Я смеялась над этим правилом первые два года.

Серьёзно? Влюбиться в человека, которого кормишь с ложечки манной кашей, потому что у него отказывают руки? Влюбиться в того, кому меняешь утку, кому переворачиваешь простыню под спиной, кому вытираешь губы после приступа рвоты? Влюбиться в запах лекарств, пролежней, спирта и влажных салфеток? В «Крыльях» пахло не жизнью, а её медленным, аккуратным угасанием. Мы не спасали. Мы провожали. И я была хорошим провожатым — спокойным, исполнительным, с идеально отлаженным механизмом профессионального сочувствия. Я умела вовремя улыбнуться, вовремя поправить одеяло, вовремя промолчать. Не обещала лишнего. Не задавала вопросов, на которые люди не хотят отвечать. И никогда, слышите, никогда не плакала после смен.

Даже когда увозили тех, к кому я успевала привыкнуть.

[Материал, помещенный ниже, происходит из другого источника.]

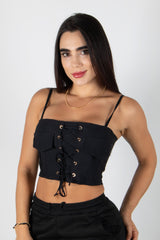 CROP TOP TIPO CORSET CON AJUSTE DELANTERO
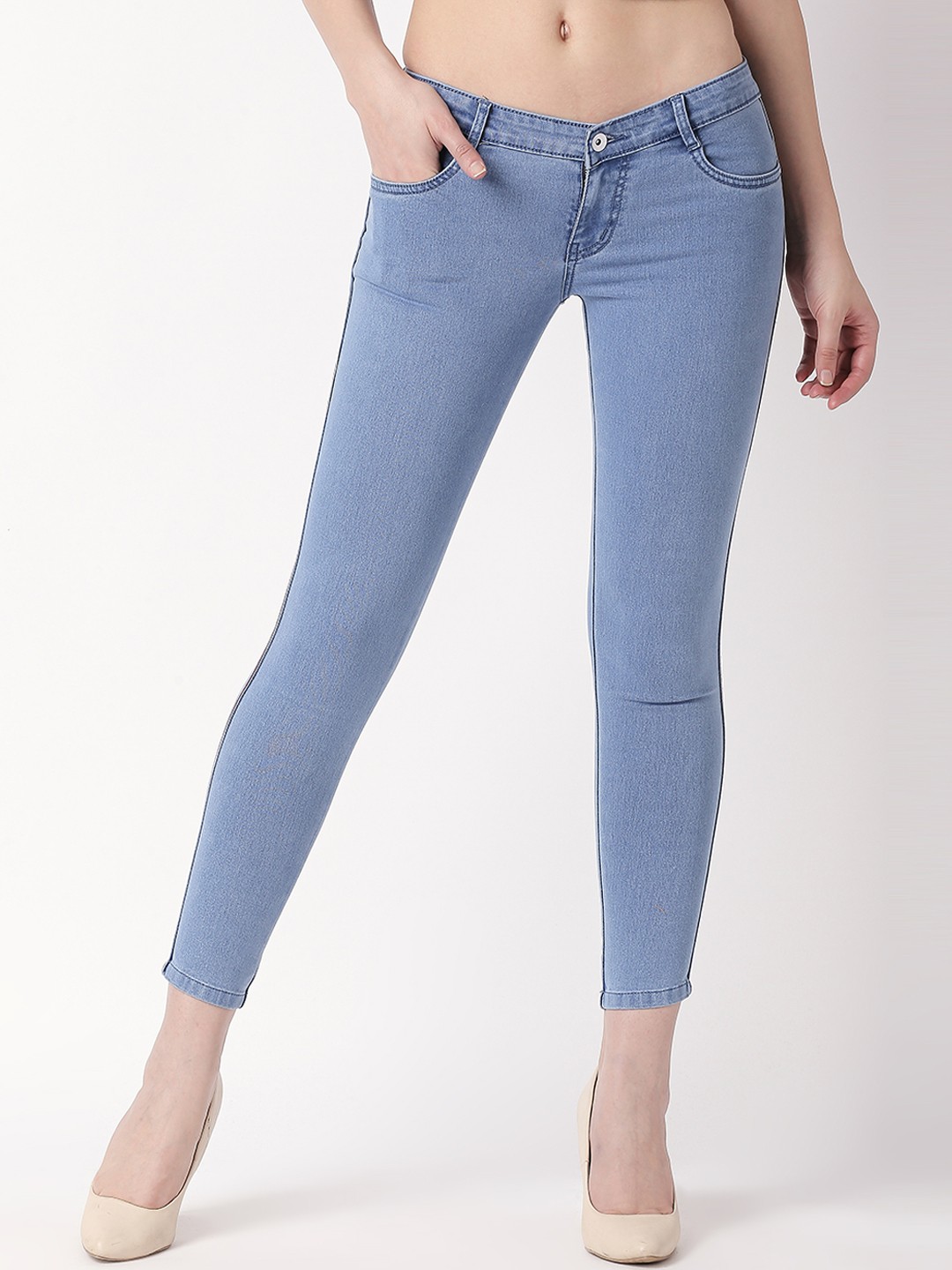 

High Star Women Blue Slim Fit Mid-Rise Clean Look Stretchable Jeans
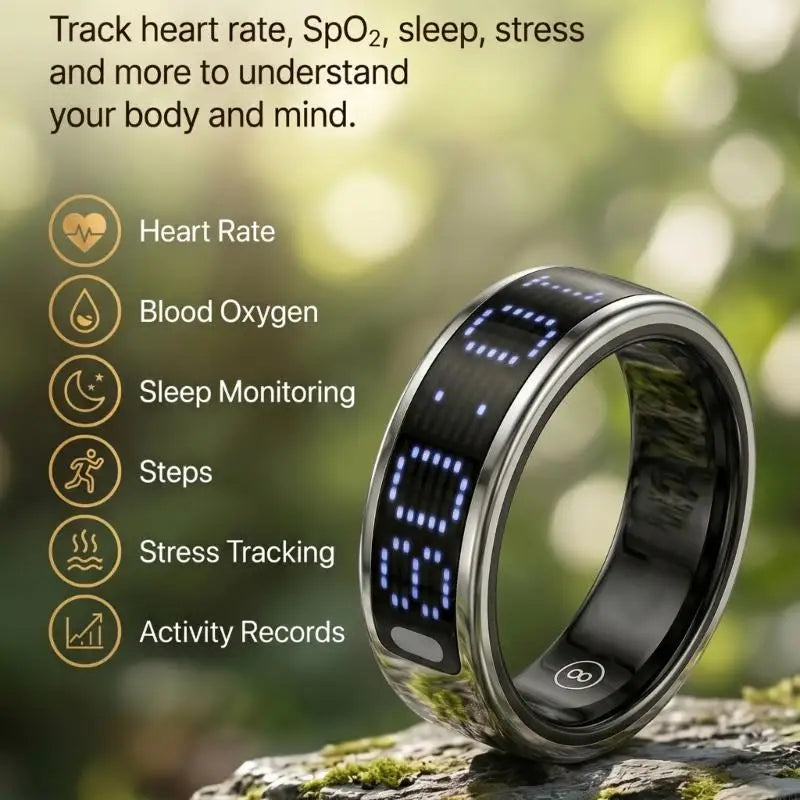 Phone App Counter Rings Wearable with Digital Display, Prayer Count, Wellness Data and Charging Case Access Form Daily K1KF Quake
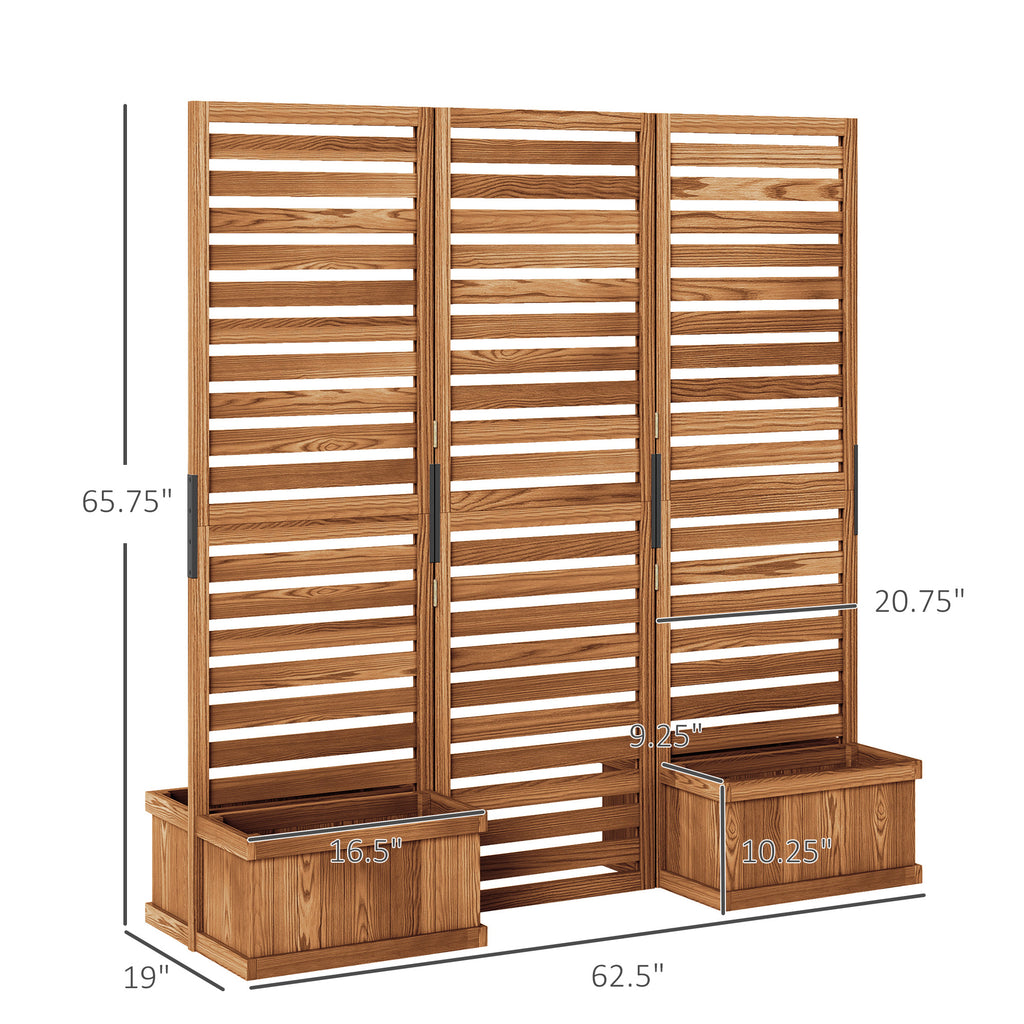 62.5" x 19" x 66" Wood Panel Trellis w/ 4 Planter Box Raised Bed for Garden Natural Wood - HAUSSLYON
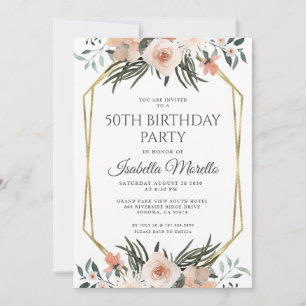 Pink Floral Greenery 50th Birthday Invitation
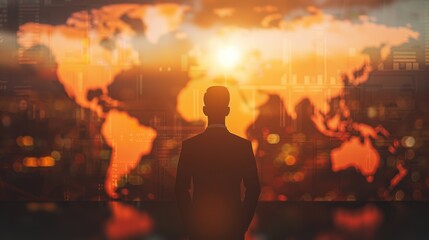 Silhouette of businessman looking at glowing world map during sunset, symbolizing global business opportunities and connections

Мне было двадцать семь. За плечами — медицинский колледж, три года работы в обычной больнице, откуда я ушла, потому что не вынесла криков, суеты и крови на белом кафеле, и два года в «Крыльях», где кричали редко, а кровь прятали под бинтами, простынями и слишком спокойными голосами врачей. Я жила в бабушкиной двушке на окраине, выплачивала ипотеку за ремонт, ездила на стареньком «Фольксвагене», который зимой заводился только после уговоров, и по вечерам смотрела сериалы, в которых люди красиво влюблялись, красиво ссорились и красиво умирали — под музыку, с хорошим светом и правильными словами напоследок. Моя жизнь была расписана по минутам: подъём в шесть, смена до восьми, дорога домой, душ, чай, сон. Иногда я встречалась с подругами в кафе, где они обсуждали мужей, детей, детские кружки, начальников и цены на продукты, а я сидела напротив и чувствовала себя инопланетянкой. Их проблемы пахли духами, молочной пенкой и детским кремом. Мои — морфином, резиновыми перчатками и приближением конца.

А потом привезли его.

Это было в начале сентября. Лето умирало, как и всё в этом месте, но делало это красиво: за окнами «Крыльев» росли старые клёны, и их листья только начинали желтеть по краям, будто кто-то осторожно касался их золотой акварелью. Я только закончила утренний обход — шесть палат, двенадцать пациентов, стандартный набор жалоб, просьб и молчаливых взглядов. Витя, наш санитар, вечно жующий мятную жвачку, катил по коридору каталку с новеньким.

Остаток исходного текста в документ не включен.